The middle class in America is in crisis, with incomes falling and life expectancy worsening. Why? And what can be done about it? Simon Wilson reports.
What’s it like to be a middle-class American?
Increasingly precarious, it seems. In an article entitled “The Secret Shame of Middle Class Americans” in this month’s issue of The Atlantic, the writer Neal Gabler – an author, film critic and academic – came out as one of the many millions of apparently middle-class Americans who are in fact living in a “more or less continual state of financial peril” – scrabbling around to make ends meet, and mostly failing.
Gabler draws attention to a regular survey by the Federal Reserve, which asks consumers a set of questions, including how they would pay for a $400 emergency. “The answer: 47% of respondents said that either they would cover the expense by borrowing or selling something, or they would not be able to come up with the $400 at all”, writes Gabler. “Four hundred dollars! Who knew? Well, I knew. I knew because I am in that 47%.”
Does the data support this?
Yes. Research into this niche area of microeconomics – day-to-day “financial fragility” – has boomed since the Great Recession, according to David Johnson, an economist at the University of Michigan who specialises in income and wealth inequality. A 2014 survey study found that only 38% of Americans would cover a $1,000 emergency medical bill or a $500 car repair bill with money they had saved.
Another academic study found that a quarter of households would definitely fail to get their hands on $2,000 within 30 days in an emergency, and a further 19% would be able to do so only by pawning possessions or taking out a payday loan.
What does this tell us?
On this basis the researchers concluded that nearly half of Americans are “financially fragile” – and that necessarily includes a sizeable chunk of the middle classes, as the details of the studies mentioned above show. Some 44% of middle-income households said they would struggle to raise the $400. Nearly half of college graduates would not cover a $500-$1,000 emergency with savings.

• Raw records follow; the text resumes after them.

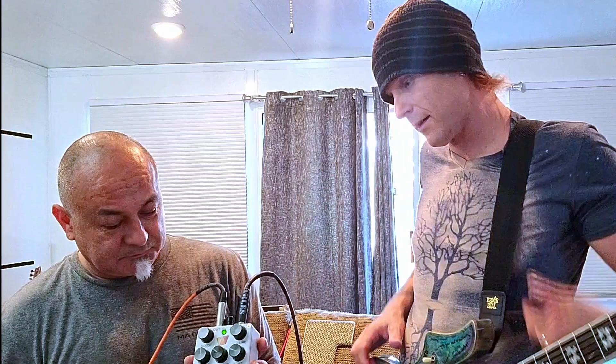Hey everybody, I'm here with Mike from Crunch Cabinets — a company known for amplifiers and cabs — but they also make this incredible drive pedal. It's actually designed by Brian Witts from Wittstronics, but made to Mike's specifications and what his ear wanted to hear. Brian tailor-made this for Crunch Cabinets.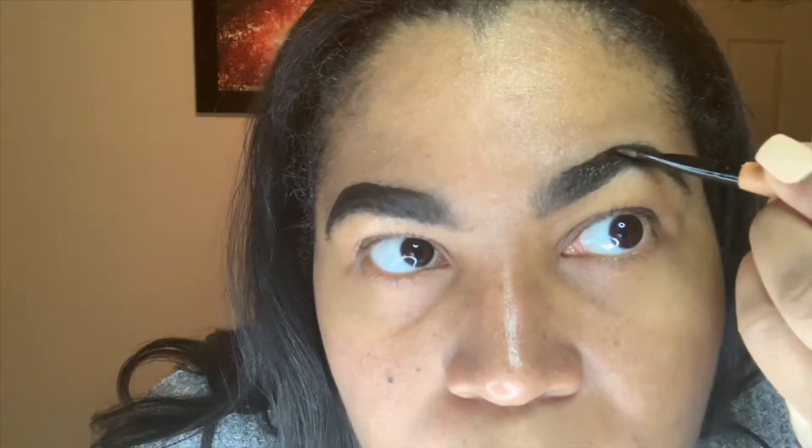Now we're going in with the NYX cake powder. The first thing I do is put some of that gel on the brush. When you're putting the gel on the brush, if you have enough product still on your brush it'll show up in the gel. Apply this to the outer part of your brow first — you'll see it creates a shine to your eyebrow, and that's going to hold your hairs in place. So if you have some hairs that are misbehaving, this is really good to help them stay where they're supposed to.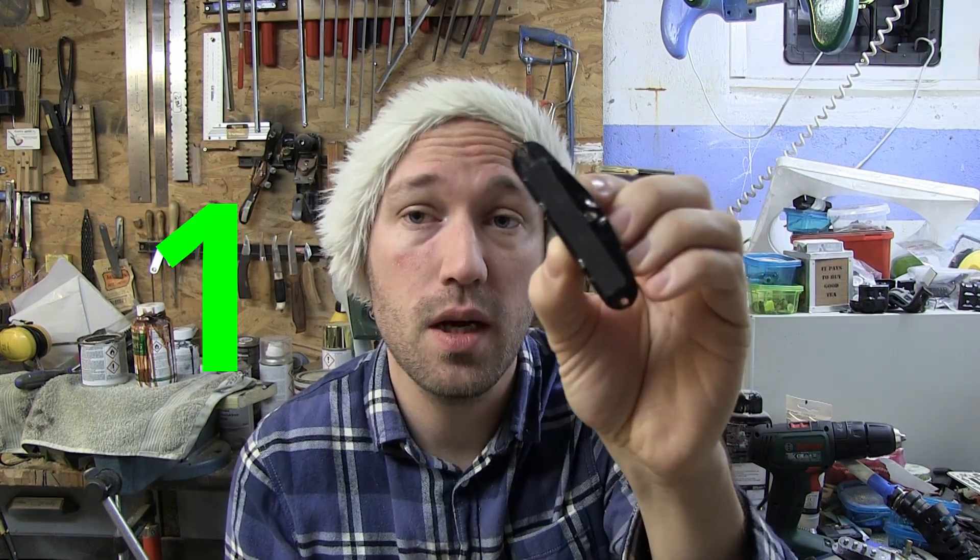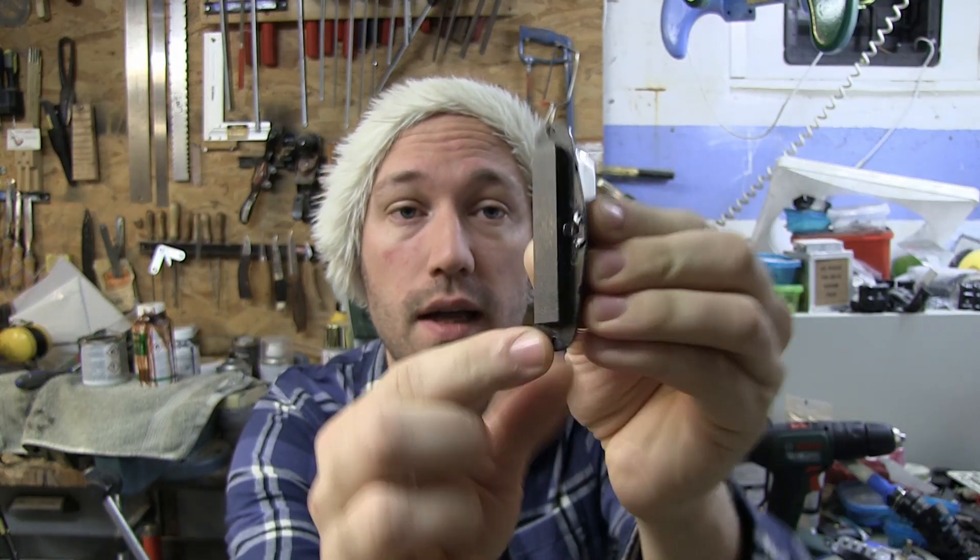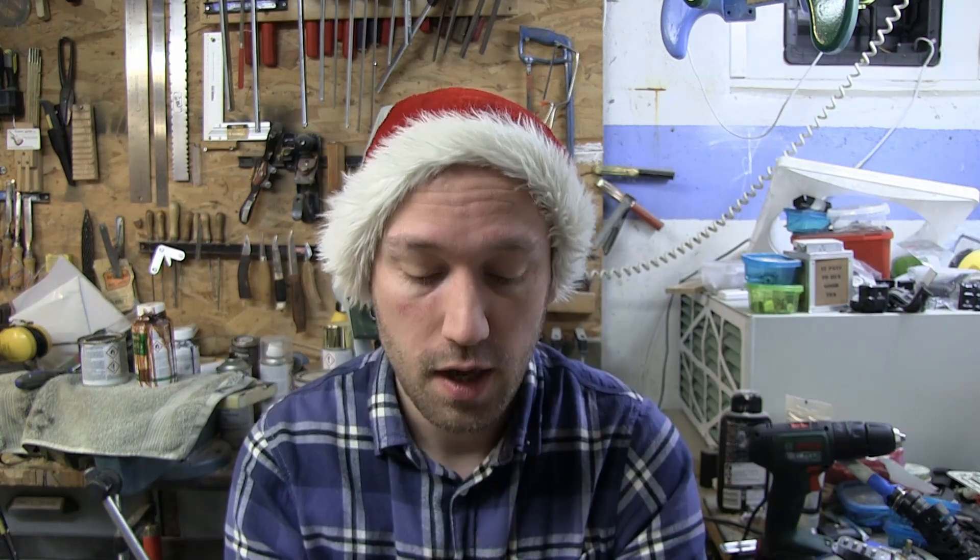Without stalling too much, let's get into the mods. The first mod you can do: if you look on the back side of your pickup there is a bar magnet, and instead of buying new expensive pickups you might want to try and change this magnet. It's very easy to pry off and then you can attach any magnet you want. Stronger magnets will make the sound punchier and brighter, and a less strong magnet will give you a warmer or duller sound.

A quarter of people living in households earning $100,000-$150,000 a year (at the higher-income end of the middle class) claim not to be able to raise $2,000 within a month. Even if you take some of this with a pinch of salt – better off households are likely to have access to other forms of net wealth, albeit less liquid – the picture it paints of a middle-class crisis is stark.
Is this a growing problem?
It seems to be. The respected and non-partisan Pew Research Center defines “middle income households” as those whose incomes range between two-thirds the median income to double the median. In 2014, that range of incomes was between about $42,000 to $125,000. For the first time in at least four decades less than half of the population fell into this broad swathe of the “middle classes” – compared with 61% at the end of the 1960s.
Meanwhile, the lower tiers have expanded to account for just under a third of the population. The upper tiers have expanded too, and now account for just over a fifth. In other words, more people are getting poorer and more are getting richer in a gradually more unequal society, as technological change and globalisation drive a wedge between the winners and losers.
Are incomes falling?
Alas, yes. A major new analysis of income in America published by Pew earlier this month found that more than 80% of the country’s 229 metropolitan areas have seen real (inflation-adjusted) incomes fall steadily since the start of this century. Some of the steepest declines in median incomes have been seen in cities hit by industrial decline – for example a 27% drop in Springfield, Ohio and 18% in the conurbation that includes Detroit. But, ominously, even fast expanding success stories have seen incomes falling.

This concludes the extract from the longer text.